C’est quoi le pitch Holly ?

41vxqfo0xsl-_sx338_bo1204203200_Emma est française, expatriée en Croatie, elle y conseille le ministère de la justice. Dunja est croate. À soixante ans, elle aimerait prendre sa retraite mais doit travailler pour gagner sa vie et entretenir son fils musicien. Les deux femmes ont un lien : le bébé d’Emma, Bruno, dont Dunja est la nourrice. Alors qu’Emma s’absente souvent pour son travail, Dunja et Bruno fusionnent et l’amour de Dunja pour l’enfant ne cesse de grandir. Le quotidien de ces trois personnages n’est pas parfait, mais ils ont trouvé un certain équilibre. Jusqu’au jour où Emma, rentrant de voyage, apprend que son appartement a été cambriolé et que Bruno et Dunja ont disparu. Ces deux événements pourraient-ils être liés au passé d’Emma qui a longtemps travaillé sur les questions de crimes de guerre dans la région ? Qu’est-il arrivé à Bruno et Dunja? Emma arrivera-t-elle à les retrouver à temps ?

On en pense quoi ?

Huit mois pour te perdre est un roman à deux voix qui se déroule en Croatie, peu avant son entrée dans l’Union européenne. On me parle beaucoup de ce pays et de plonger grâce à ce roman dans cet univers m’a beaucoup plu.

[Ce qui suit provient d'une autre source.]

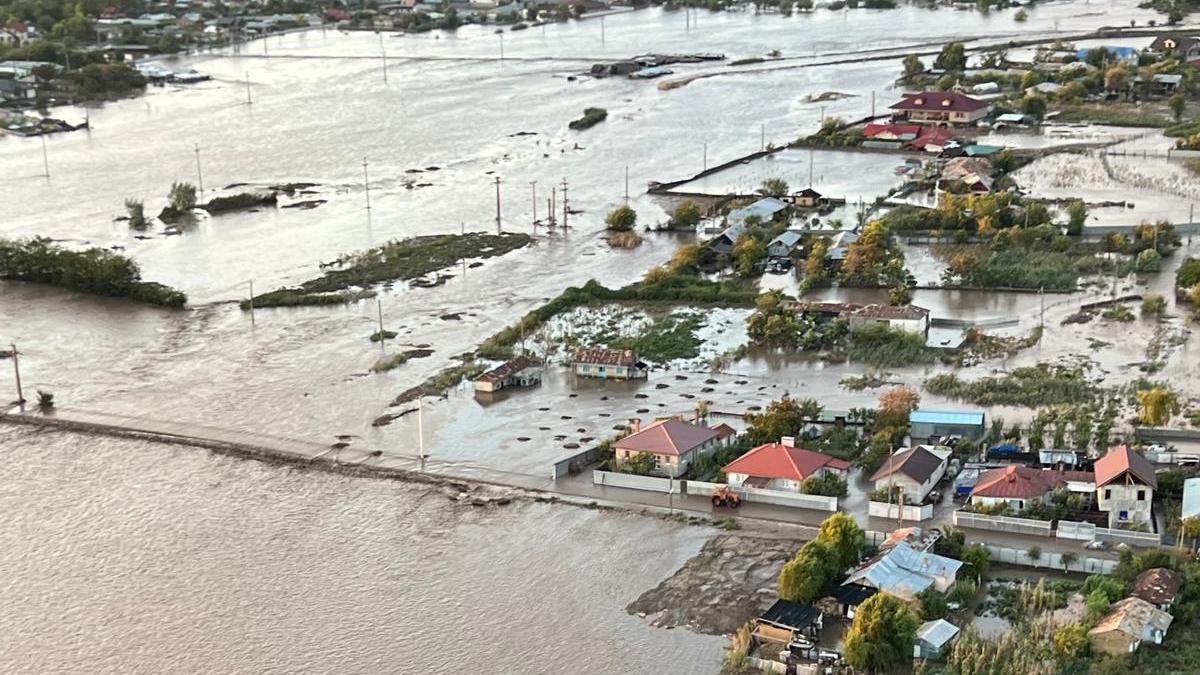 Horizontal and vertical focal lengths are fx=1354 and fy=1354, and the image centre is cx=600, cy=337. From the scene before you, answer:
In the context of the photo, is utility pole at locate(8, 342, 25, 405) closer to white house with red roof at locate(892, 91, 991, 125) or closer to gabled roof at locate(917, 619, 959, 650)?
gabled roof at locate(917, 619, 959, 650)

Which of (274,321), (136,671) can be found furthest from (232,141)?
(136,671)

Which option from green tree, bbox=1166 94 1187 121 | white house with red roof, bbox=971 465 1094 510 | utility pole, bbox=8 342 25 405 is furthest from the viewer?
green tree, bbox=1166 94 1187 121

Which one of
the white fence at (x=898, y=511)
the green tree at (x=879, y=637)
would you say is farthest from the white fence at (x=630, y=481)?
the green tree at (x=879, y=637)

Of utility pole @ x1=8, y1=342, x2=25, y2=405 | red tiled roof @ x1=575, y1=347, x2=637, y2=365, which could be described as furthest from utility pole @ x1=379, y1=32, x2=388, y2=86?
red tiled roof @ x1=575, y1=347, x2=637, y2=365

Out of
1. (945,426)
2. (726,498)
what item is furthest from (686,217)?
(726,498)

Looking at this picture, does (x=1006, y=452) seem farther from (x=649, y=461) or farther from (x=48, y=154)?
(x=48, y=154)

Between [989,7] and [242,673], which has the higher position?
[989,7]

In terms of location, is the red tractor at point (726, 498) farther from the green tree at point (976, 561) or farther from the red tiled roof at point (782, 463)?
the green tree at point (976, 561) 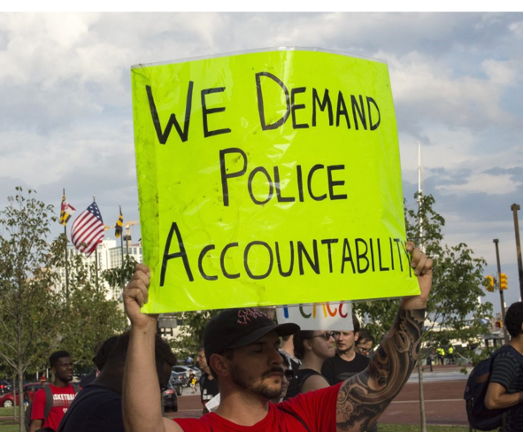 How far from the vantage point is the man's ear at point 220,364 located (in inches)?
139

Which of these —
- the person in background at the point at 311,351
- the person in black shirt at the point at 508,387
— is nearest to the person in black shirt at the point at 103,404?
the person in background at the point at 311,351

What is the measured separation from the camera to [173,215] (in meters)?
3.11

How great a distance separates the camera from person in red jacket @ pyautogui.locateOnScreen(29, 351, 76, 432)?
8.63m

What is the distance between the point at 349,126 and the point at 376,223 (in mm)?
381

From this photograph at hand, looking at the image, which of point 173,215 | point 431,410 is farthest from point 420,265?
point 431,410

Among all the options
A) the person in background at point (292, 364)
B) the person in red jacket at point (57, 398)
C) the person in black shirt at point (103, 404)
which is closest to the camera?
the person in black shirt at point (103, 404)

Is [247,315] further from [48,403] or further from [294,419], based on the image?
[48,403]

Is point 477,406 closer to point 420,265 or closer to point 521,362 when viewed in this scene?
point 521,362

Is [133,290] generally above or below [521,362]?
above

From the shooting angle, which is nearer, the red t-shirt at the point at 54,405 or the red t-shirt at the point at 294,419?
Result: the red t-shirt at the point at 294,419

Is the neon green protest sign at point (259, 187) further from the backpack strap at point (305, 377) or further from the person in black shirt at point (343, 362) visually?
the person in black shirt at point (343, 362)

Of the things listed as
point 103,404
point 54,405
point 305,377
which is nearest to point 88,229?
point 54,405

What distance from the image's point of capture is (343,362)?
8.09 meters

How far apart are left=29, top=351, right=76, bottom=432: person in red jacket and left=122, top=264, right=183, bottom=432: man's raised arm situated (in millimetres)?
5500
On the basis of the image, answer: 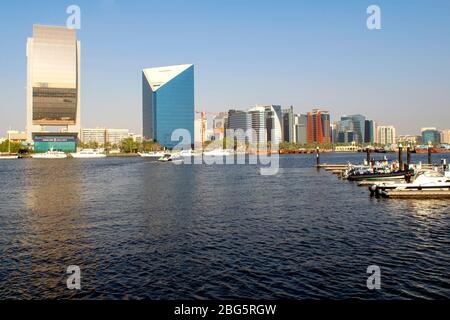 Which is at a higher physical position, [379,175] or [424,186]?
[379,175]

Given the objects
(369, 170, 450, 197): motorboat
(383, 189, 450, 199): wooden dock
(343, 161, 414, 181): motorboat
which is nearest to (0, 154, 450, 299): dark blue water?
(383, 189, 450, 199): wooden dock

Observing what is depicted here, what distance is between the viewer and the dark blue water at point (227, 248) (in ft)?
70.3

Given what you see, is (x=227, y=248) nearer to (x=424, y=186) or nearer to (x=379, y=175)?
(x=424, y=186)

L’histoire se passe donc à Zagreb, où le conflit yougoslave fait régner la terreur. Marie-Diane Meissirel a travaillé dans ce pays et on ressent pleinement les influences qu’elle a pu vivre durant cette période. C’est agréable d’avoir un auteur qui maîtrise son sujet (ndlr : Mémé dira qu’on peut pas faire mieux que Romel). Elle dévoile, d’une manière fictionnelle, une vision permettant de comprendre quelque peu ce conflit fratricide complexe et bouleversant (pour ne pas utiliser le mot souffrance).

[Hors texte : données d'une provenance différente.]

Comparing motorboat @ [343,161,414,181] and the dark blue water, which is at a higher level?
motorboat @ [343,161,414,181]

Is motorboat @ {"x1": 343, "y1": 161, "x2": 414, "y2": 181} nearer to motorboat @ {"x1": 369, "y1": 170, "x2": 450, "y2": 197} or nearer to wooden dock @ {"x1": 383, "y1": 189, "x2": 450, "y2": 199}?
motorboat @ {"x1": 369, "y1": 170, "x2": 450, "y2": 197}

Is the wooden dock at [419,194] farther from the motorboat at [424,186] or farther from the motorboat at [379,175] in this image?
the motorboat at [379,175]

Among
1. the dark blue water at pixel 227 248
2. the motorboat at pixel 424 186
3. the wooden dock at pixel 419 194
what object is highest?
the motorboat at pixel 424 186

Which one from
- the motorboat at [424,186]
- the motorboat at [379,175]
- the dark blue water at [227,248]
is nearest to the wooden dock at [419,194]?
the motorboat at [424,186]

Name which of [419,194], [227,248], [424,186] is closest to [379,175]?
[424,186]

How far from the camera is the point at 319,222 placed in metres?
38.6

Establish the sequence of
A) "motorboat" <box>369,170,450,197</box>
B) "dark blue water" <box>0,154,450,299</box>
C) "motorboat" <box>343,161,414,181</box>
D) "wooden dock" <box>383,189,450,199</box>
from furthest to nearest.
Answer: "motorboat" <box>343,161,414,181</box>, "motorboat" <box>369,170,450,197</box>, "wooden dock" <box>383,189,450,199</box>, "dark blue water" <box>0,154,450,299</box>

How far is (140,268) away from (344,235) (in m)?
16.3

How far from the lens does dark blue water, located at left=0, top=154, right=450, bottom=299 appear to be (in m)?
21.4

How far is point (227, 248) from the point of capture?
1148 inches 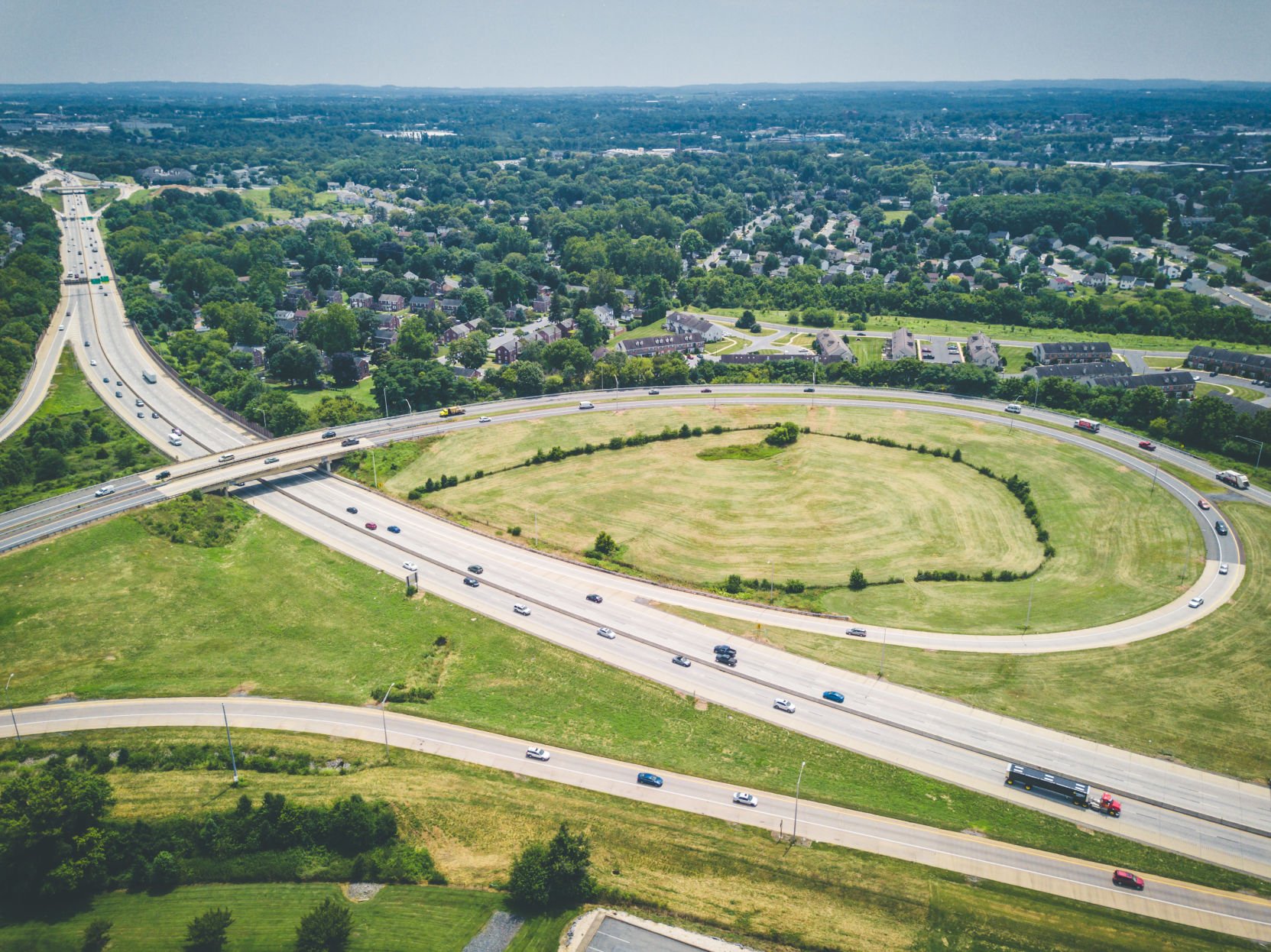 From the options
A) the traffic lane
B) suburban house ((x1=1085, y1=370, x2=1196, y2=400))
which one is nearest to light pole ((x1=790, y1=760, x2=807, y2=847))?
the traffic lane

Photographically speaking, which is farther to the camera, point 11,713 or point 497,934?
point 11,713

On suit donc deux femmes : une qui s’éloigne affectivement de son bébé et l’autre qui s’en éprend. Pour oublier celui qui lui a offert ce merveilleux cadeau mais qui était incapable de l’élever avec elle, Emma se réfugie dans son travail en poursuivant des missions auprès du gouvernement croate. Bruno, son fils, est un bébé difficile, pleurant sans cesse, l’exaspérant et la décourageant dans son rôle de mère. Pour s’en occuper et lui donner toute l’affection nécessaire, elle embauche Dunja, une femme croate, très discrète et malheureuse dans sa vie. Mais Emma ignore que Dunja souffre elle aussi : son fils aîné est décédé, et son cadet a de très mauvaises fréquentations.

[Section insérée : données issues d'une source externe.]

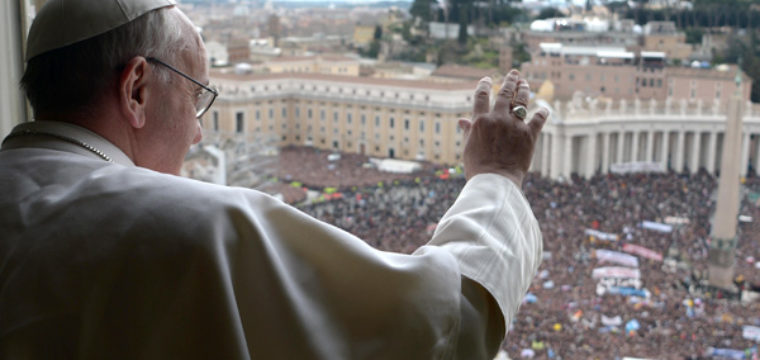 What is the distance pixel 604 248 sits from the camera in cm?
595

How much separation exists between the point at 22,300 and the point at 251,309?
84mm

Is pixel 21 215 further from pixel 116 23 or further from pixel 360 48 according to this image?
pixel 360 48

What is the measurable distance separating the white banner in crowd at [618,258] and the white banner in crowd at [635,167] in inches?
160

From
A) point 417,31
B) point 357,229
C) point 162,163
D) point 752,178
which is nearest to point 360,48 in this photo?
point 417,31

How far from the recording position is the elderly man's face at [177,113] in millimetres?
414

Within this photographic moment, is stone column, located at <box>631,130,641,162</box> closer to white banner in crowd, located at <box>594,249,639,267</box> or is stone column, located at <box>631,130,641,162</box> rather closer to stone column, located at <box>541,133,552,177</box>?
stone column, located at <box>541,133,552,177</box>

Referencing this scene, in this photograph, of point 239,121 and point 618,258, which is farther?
point 239,121

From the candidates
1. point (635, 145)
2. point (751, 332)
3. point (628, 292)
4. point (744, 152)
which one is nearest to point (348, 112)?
point (635, 145)

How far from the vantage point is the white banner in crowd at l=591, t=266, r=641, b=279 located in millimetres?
4992

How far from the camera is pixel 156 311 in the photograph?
13.1 inches

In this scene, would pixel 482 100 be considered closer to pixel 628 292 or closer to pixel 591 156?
pixel 628 292

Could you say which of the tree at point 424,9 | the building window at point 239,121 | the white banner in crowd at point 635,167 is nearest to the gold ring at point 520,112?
the white banner in crowd at point 635,167

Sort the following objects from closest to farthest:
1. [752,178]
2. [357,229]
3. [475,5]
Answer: [357,229]
[752,178]
[475,5]

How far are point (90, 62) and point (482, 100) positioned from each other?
207mm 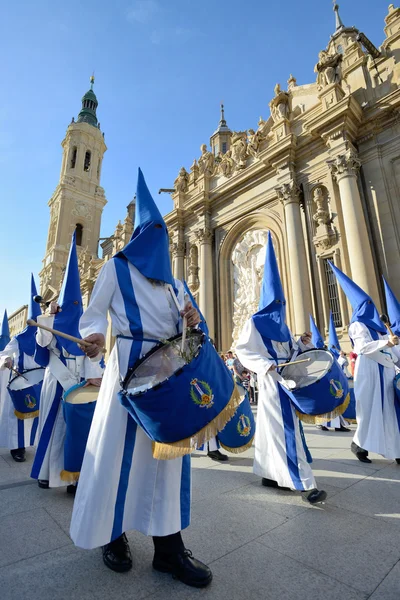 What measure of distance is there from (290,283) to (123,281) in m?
11.8

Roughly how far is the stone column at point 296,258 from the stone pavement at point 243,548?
8950 millimetres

Mais un événement va fragiliser cet équilibre que tout le monde pensait idéal et approprié. Dunja disparaît avec Bruno. Emma va alors prendre conscience du fossé qui la sépare de son fils, délaissé pour son travail. L’angoisse et la culpabilité vont augmenter au fur et à mesure que les heures défilent sans savoir où ils sont. Emma va alors se souvenir de son histoire d’amour perdue et ses premiers pas de mère. Durant tout le roman, on va aussi suivre Dunja avant cet événement et comprendre ce qui l’a poussé à en arriver là, à partir avec Bruno. Ce petit bébé est devenu un transfert pour elle, un nouveau moyen de se rattraper en tant que mère, une bonne mère qu’elle pense ne pas avoir été avec son fils vivant, et son fils décédé aussi.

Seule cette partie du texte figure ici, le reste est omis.